Chromatic Number in Java

The chromatic numbers are generally used in the coloring of graph nodes with some constraints. Chromatic Numbers in Java tell the minimum number of unique colors required to color all the nodes of a graph such that any two adjacent nodes do not have the same color. It can be used in many applications. In this section, we will implement the greedy approach to find the chromatic number for a graph.

Steps to Find the Chromatic Numbers

Step 1: Assign the first color to the first node of the graph.

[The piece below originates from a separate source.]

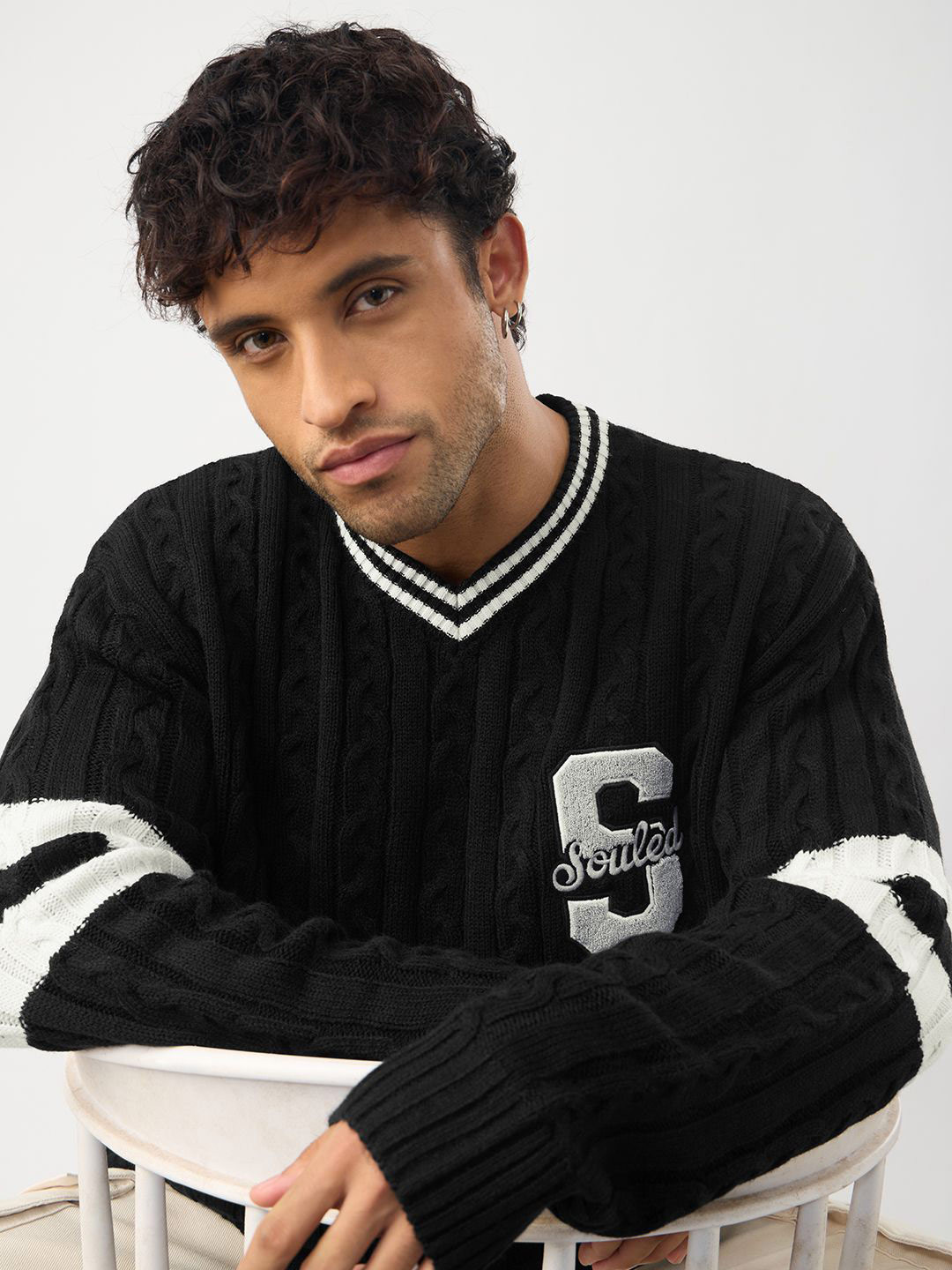 The Souled Store Men Varsity Black Cable Knit Pullover with Embroidered Detail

Step 2: Do the following for the remaining N - 1 node.

Consider the currently picked node and assign a color to it with the lowest numbered color. Provided that the color has not been applied on any of the previously colored nodes adjacent to it. If all colors that are previously used appear on the nodes that are adjacent to, assign a new color to it.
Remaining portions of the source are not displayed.